* _EXERCISE DETAILS_
The lines below, all of them, should be returned exactly as they appear.

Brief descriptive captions
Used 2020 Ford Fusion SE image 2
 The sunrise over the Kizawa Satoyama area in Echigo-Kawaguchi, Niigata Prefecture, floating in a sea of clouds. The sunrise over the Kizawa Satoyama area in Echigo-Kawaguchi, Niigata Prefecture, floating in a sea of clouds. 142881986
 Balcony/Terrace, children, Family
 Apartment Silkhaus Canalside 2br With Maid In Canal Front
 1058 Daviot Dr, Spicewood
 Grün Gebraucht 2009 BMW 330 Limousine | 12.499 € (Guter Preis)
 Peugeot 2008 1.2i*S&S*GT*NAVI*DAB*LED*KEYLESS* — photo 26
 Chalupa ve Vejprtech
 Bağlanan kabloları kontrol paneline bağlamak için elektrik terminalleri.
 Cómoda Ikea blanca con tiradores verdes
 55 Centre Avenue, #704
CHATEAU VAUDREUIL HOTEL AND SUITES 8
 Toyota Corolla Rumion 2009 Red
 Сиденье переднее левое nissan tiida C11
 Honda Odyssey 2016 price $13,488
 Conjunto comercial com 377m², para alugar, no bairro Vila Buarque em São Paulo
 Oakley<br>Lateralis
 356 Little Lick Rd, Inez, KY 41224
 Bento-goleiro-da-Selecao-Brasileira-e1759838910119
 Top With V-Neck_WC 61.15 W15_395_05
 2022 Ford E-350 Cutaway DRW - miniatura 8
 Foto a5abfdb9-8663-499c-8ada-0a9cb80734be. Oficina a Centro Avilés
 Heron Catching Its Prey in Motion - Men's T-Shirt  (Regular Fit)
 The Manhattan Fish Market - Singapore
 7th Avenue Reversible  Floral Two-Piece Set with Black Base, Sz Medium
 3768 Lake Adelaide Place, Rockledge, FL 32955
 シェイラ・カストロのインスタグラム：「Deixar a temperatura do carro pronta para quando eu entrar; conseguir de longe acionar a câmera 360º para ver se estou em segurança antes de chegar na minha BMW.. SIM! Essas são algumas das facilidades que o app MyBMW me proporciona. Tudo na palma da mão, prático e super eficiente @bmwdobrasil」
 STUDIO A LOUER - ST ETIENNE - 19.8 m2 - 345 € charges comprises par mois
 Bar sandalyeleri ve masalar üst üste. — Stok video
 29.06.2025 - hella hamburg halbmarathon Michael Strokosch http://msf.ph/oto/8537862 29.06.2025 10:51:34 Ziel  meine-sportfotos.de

* _FINISHED TASK_
Used 2020 Ford Fusion SE image 2
 The sunrise over the Kizawa Satoyama area in Echigo-Kawaguchi, Niigata Prefecture, floating in a sea of clouds. The sunrise over the Kizawa Satoyama area in Echigo-Kawaguchi, Niigata Prefecture, floating in a sea of clouds. 142881986
 Balcony/Terrace, children, Family
 Apartment Silkhaus Canalside 2br With Maid In Canal Front
 1058 Daviot Dr, Spicewood
 Grün Gebraucht 2009 BMW 330 Limousine | 12.499 € (Guter Preis)
 Peugeot 2008 1.2i*S&S*GT*NAVI*DAB*LED*KEYLESS* — photo 26
 Chalupa ve Vejprtech
 Bağlanan kabloları kontrol paneline bağlamak için elektrik terminalleri.
 Cómoda Ikea blanca con tiradores verdes
 55 Centre Avenue, #704
CHATEAU VAUDREUIL HOTEL AND SUITES 8
 Toyota Corolla Rumion 2009 Red
 Сиденье переднее левое nissan tiida C11
 Honda Odyssey 2016 price $13,488
 Conjunto comercial com 377m², para alugar, no bairro Vila Buarque em São Paulo
 Oakley<br>Lateralis
 356 Little Lick Rd, Inez, KY 41224
 Bento-goleiro-da-Selecao-Brasileira-e1759838910119
 Top With V-Neck_WC 61.15 W15_395_05
 2022 Ford E-350 Cutaway DRW - miniatura 8
 Foto a5abfdb9-8663-499c-8ada-0a9cb80734be. Oficina a Centro Avilés
 Heron Catching Its Prey in Motion - Men's T-Shirt  (Regular Fit)
 The Manhattan Fish Market - Singapore
 7th Avenue Reversible  Floral Two-Piece Set with Black Base, Sz Medium
 3768 Lake Adelaide Place, Rockledge, FL 32955
 シェイラ・カストロのインスタグラム：「Deixar a temperatura do carro pronta para quando eu entrar; conseguir de longe acionar a câmera 360º para ver se estou em segurança antes de chegar na minha BMW.. SIM! Essas são algumas das facilidades que o app MyBMW me proporciona. Tudo na palma da mão, prático e super eficiente @bmwdobrasil」
 STUDIO A LOUER - ST ETIENNE - 19.8 m2 - 345 € charges comprises par mois
 Bar sandalyeleri ve masalar üst üste. — Stok video
 29.06.2025 - hella hamburg halbmarathon Michael Strokosch http://msf.ph/oto/8537862 29.06.2025 10:51:34 Ziel  meine-sportfotos.de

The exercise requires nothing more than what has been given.